__Task to complete__. Only the images are to be dropped; the records themselves must be repeated exactly.

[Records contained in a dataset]
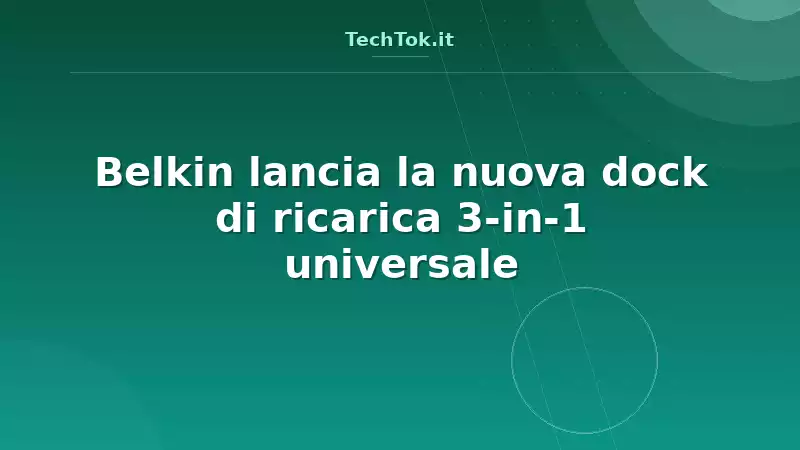 Belkin lancia la nuova dock di ricarica 3-in-1 universale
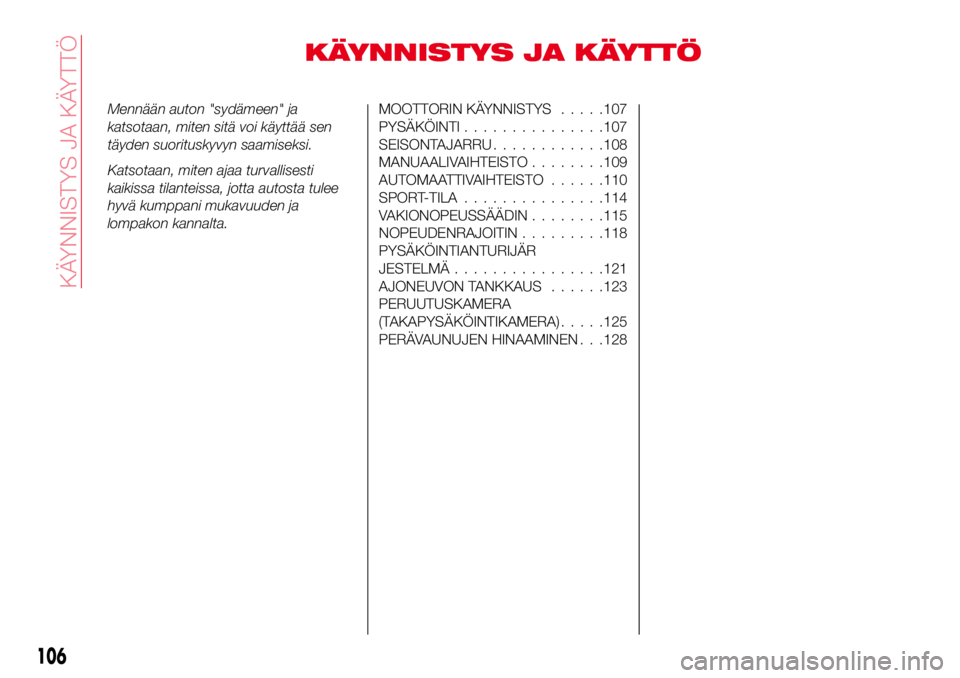 Abarth 124 Spider 2016 Käyttö- ja huolto-ohjekirja (in Finnish) KÄYNNISTYS JA KÄYTTÖ
Mennään auton "sydämeen" ja
katsotaan, miten sitä voi käyttää sen
täyden suorituskyvyn saamiseksi.
Katsotaan, miten ajaa turvallisesti
kaikissa tilanteissa, jot Abarth 124 Spider 2016 Käyttö- ja huolto-ohjekirja (in Finnish) KÄYNNISTYS JA KÄYTTÖ
Mennään auton "sydämeen" ja
katsotaan, miten sitä voi käyttää sen
täyden suorituskyvyn saamiseksi.
Katsotaan, miten ajaa turvallisesti
kaikissa tilanteissa, jot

__Response below__.
 Belkin lancia la nuova dock di ricarica 3-in-1 universale
 Abarth 124 Spider 2016 Käyttö- ja huolto-ohjekirja (in Finnish) KÄYNNISTYS JA KÄYTTÖ
Mennään auton "sydämeen" ja
katsotaan, miten sitä voi käyttää sen
täyden suorituskyvyn saamiseksi.
Katsotaan, miten ajaa turvallisesti
kaikissa tilanteissa, jot Abarth 124 Spider 2016 Käyttö- ja huolto-ohjekirja (in Finnish) KÄYNNISTYS JA KÄYTTÖ
Mennään auton "sydämeen" ja
katsotaan, miten sitä voi käyttää sen
täyden suorituskyvyn saamiseksi.
Katsotaan, miten ajaa turvallisesti
kaikissa tilanteissa, jot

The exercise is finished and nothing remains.